**BRIEF**
Everything from the line holding "Sách - Kỹ Thuật" through the final line of the records is to be transcribed exactly, except pictures, and nothing beyond that.

**RECORDS SHOWN**
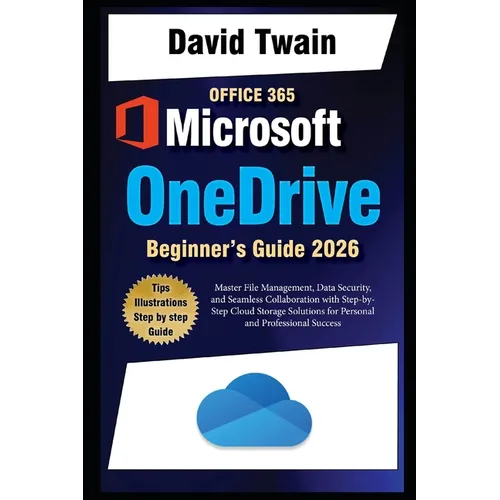 Microsoft OneDrive 2025 Guide for Beginners: Master File Management, Data Security, and Seamless Collaboration with Step-by-Step Cloud Storage Solutio - Paperback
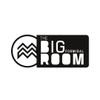 M  BIG ROOM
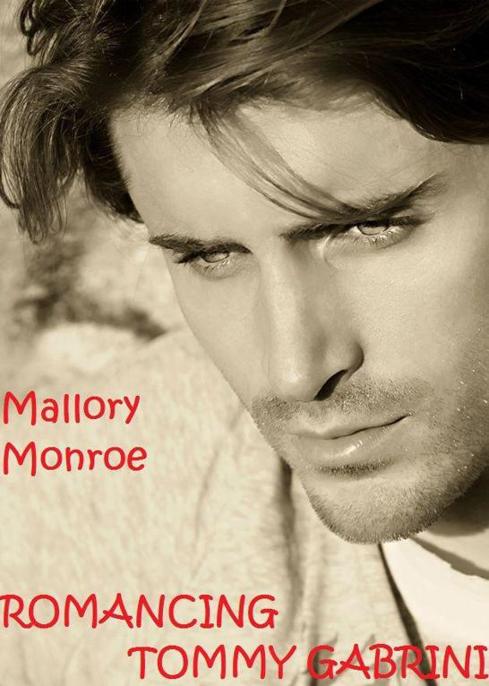 Romancing Tommy Gabrini by Mallory Monroe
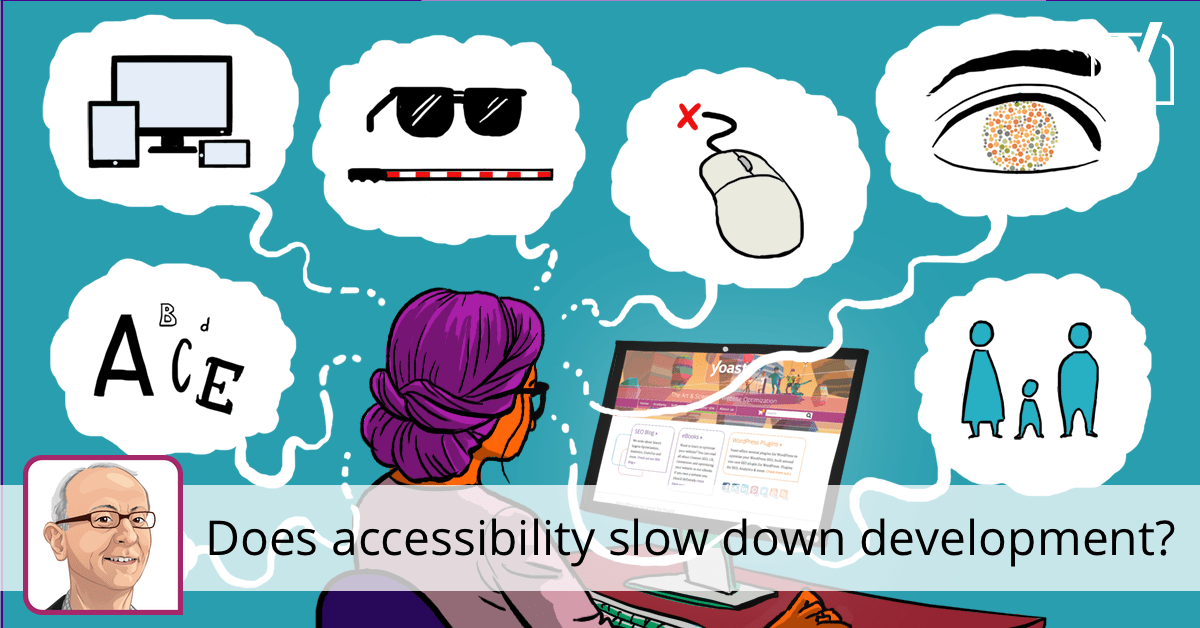 Does accessibility slow down development? - Yoast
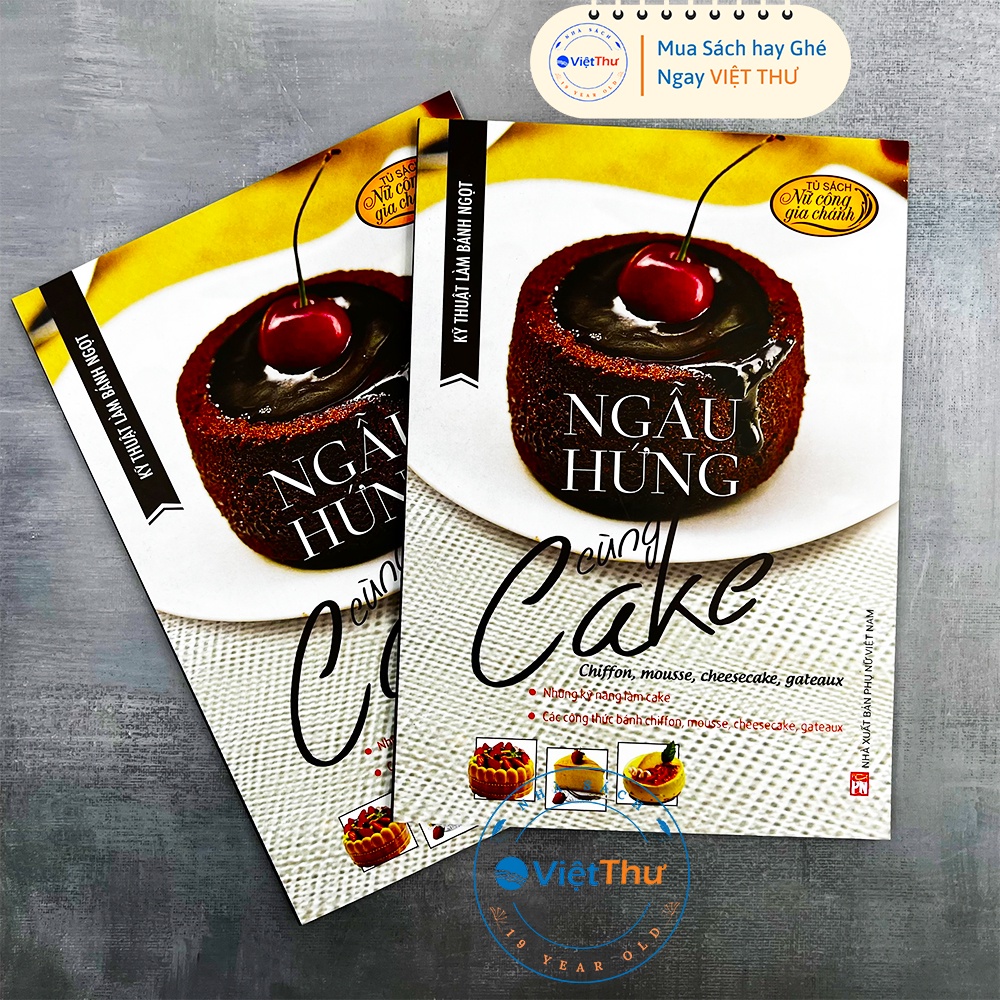 Sách - Kỹ Thuật Làm Bánh Ngọt - Ngẫu Hứng Cùng Cake (Tái Bản)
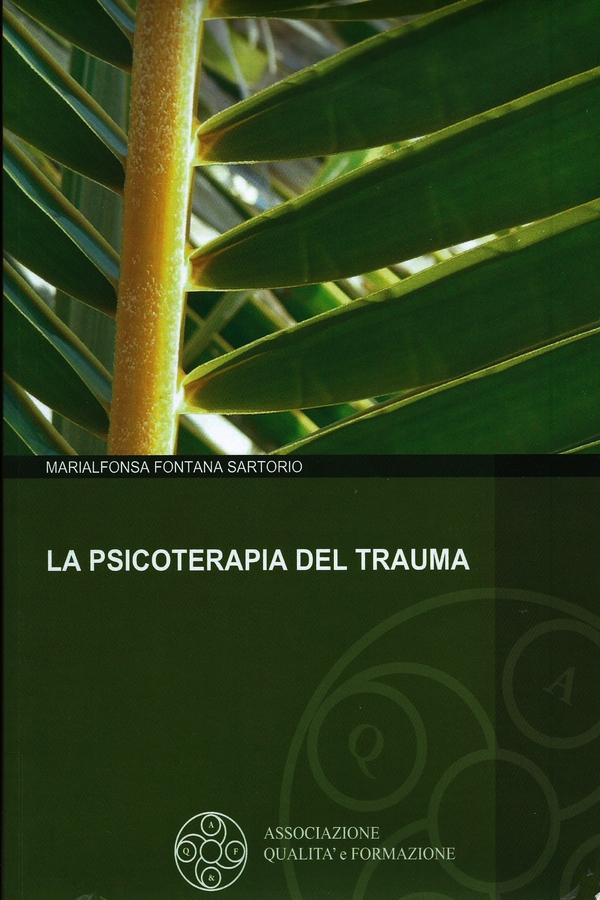 La Psicoterapia del Trauma - Librerie.coop La Psicoterapia del Trauma - Librerie.coop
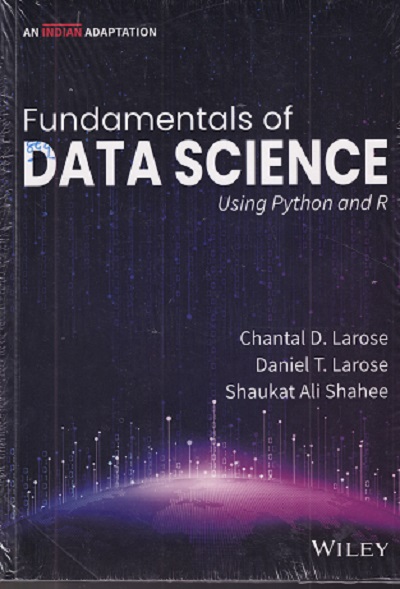 FUNDAMENTALS OF DATA SCIENCE USING PYTHON AND R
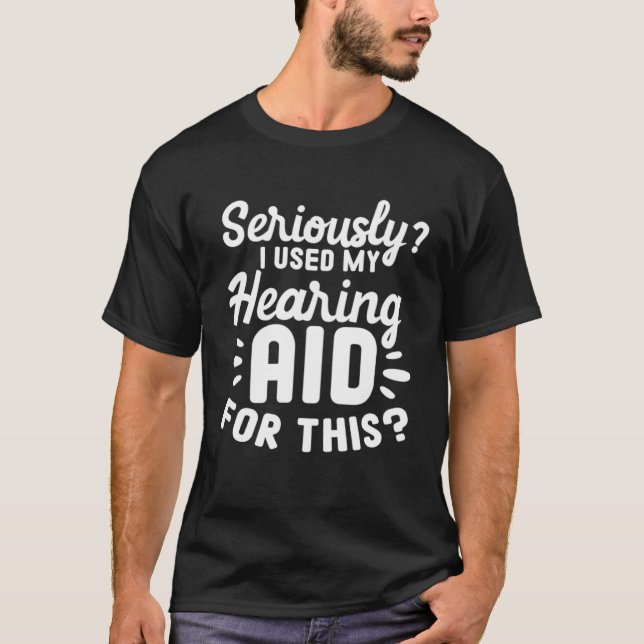 Seriously I used my Hearing Aid For This T-Shirt (Front)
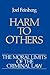 Moral Limits of the Criminal Law: Harm to Others, Volume 1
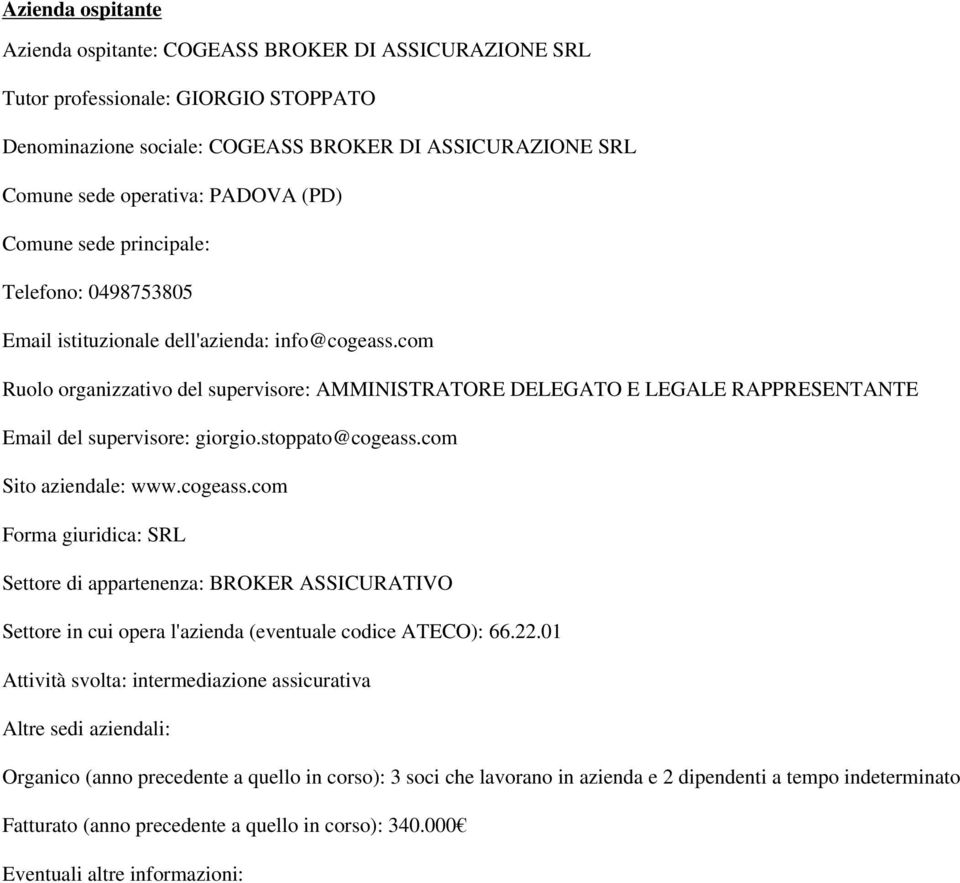 com Ruolo organizzativo del supervisore: AMMINISTRATORE DELEGATO E LEGALE RAPPRESENTANTE Email del supervisore: giorgio.stoppato@cogeass.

**ANSWER TO THIS PROBLEM**
 Sách - Kỹ Thuật Làm Bánh Ngọt - Ngẫu Hứng Cùng Cake (Tái Bản)
 La Psicoterapia del Trauma - Librerie.coop La Psicoterapia del Trauma - Librerie.coop
 FUNDAMENTALS OF DATA SCIENCE USING PYTHON AND R
 Seriously I used my Hearing Aid For This T-Shirt (Front)
 Moral Limits of the Criminal Law: Harm to Others, Volume 1
 com Ruolo organizzativo del supervisore: AMMINISTRATORE DELEGATO E LEGALE RAPPRESENTANTE Email del supervisore: giorgio.stoppato@cogeass.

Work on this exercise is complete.